Benchmark Redpanda

Learn how to measure the performance of a Redpanda cluster deployed on AWS EC2 instances with the Linux Foundation’s OpenMessaging Benchmark. Run the same tests and workloads that Redpanda uses to demonstrate significantly better performance than Apache Kafka.

About OpenMessaging Benchmark

The Linux Foundation’s OpenMessaging Benchmark (OMB) Framework is an open-source, cloud-based benchmark framework that supports several messaging systems, including Kafka, and is configurable for workloads representing real-world use cases.

Redpanda Data provides a fork of OMB on Github with some updates:

  • Fixed coalescing of asynchronous consumer offset requests in the OMB Kafka driver.

  • Support for Kafka 3.2.0 clients.

OMB workloads

An OMB workload is a benchmark configuration that sets the producers, consumers, topics, and messages used by a test, as well as the production rate and duration of each test. An OMB workload is specified in a YAML configuration file.

Example workload configuration file

The content of an OMB workload configuration file, copied from Redpanda Data’s fork of OMB:

name: 1 topic / 1 partition / 1Kb

topics: 1
partitionsPerTopic: 1
keyDistributor: "NO_KEY"
messageSize: 1024
payloadFile: "payload/payload-1Kb.data"
subscriptionsPerTopic: 1
consumerPerSubscription: 1
producersPerTopic: 1
producerRate: 50000
consumerBacklogSizeGB: 0
testDurationMinutes: 15

The keyDistributor property configures how keys are distributed and assigned to messages. - NO_KEY sets null for all keys. - KEY_ROUND_ROBIN cycles through a finite set of keys in round-robin fashion. - RANDOM_NANO returns random keys based on System.nanoTime().

Set up benchmark

Running OMB with Redpanda requires setting up your local environment to provision and start a Redpanda cluster in AWS.

  1. Install CLI tools.

    • Maven

    • Terraform with terraform-inventory plugin

    • Ansible (v2.11 or higher)

    • Python 3 and pip

    • A window manager like tmux or screen that supports detachable screen sessions.

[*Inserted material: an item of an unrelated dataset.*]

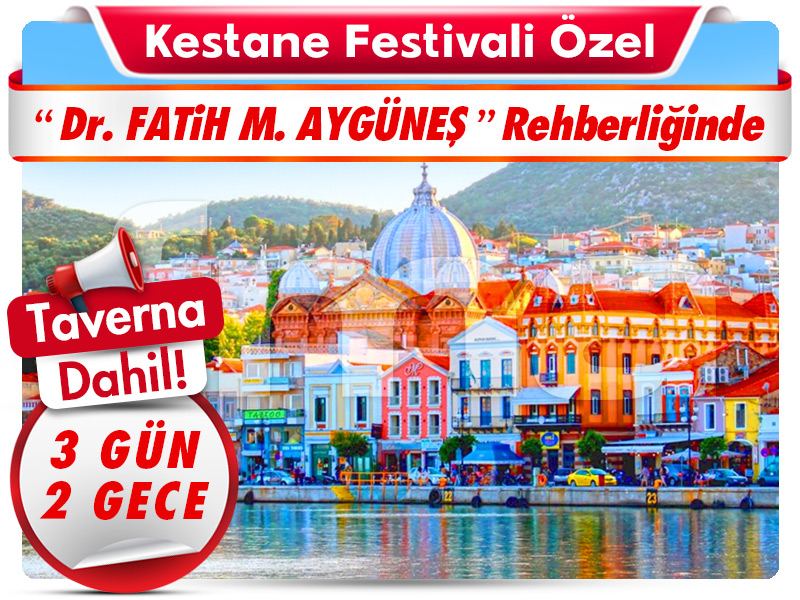 MİDİLLİ (LESBOS) ADASI TURU "Kestane Festivali Özel"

      Redpanda Data recommends running the benchmark executable with a window manager that supports detachable screen sessions, like tmux or screen, so the benchmark can continue to run in the background even after you disconnect.
  2. Clone the Redpanda Data fork of OMB.

    git clone https://github.com/redpanda-data/openmessaging-benchmark

    The repository contains a directory for the Redpanda driver, openmessaging-benchmark/driver-redpanda. Subsequent steps read and configure files in that directory.

  3. Customize the openmessaging-benchmark/driver-redpanda/pom.xml file with your Kafka client version if necessary (currently 3.3.1):

    pom.xml
    ...
    <dependency>
        <groupId>org.apache.kafka</groupId>
        <artifactId>kafka-clients</artifactId>
        <version>3.3.1</version>
    </dependency>
    ...
  4. From the repository root directory, build the benchmark client.

    cd openmessaging-benchmark
    mvn clean install -Dlicense.skip=true
  5. From the Redpanda driver directory, install the Ansible roles required for deploying Redpanda.

    cd driver-redpanda/deploy
    ansible-galaxy install -r requirements.yaml
  6. Configure AWS credentials and SSH keys.

    1. Install and configure AWS CLI.

    2. Generate SSH keys:

      ssh-keygen -f ~/.ssh/redpanda_aws

      When prompted for a passphrase, set a blank passphrase by pressing Enter twice.

    3. Verify the SSH key files were created.

      ls ~/.ssh/redpanda_aws*
  7. Provision a Redpanda cluster to deploy on AWS with Terraform.

    1. Customize the openmessaging-benchmark/deploy/terraform.tfvars Terraform configuration file for your environment.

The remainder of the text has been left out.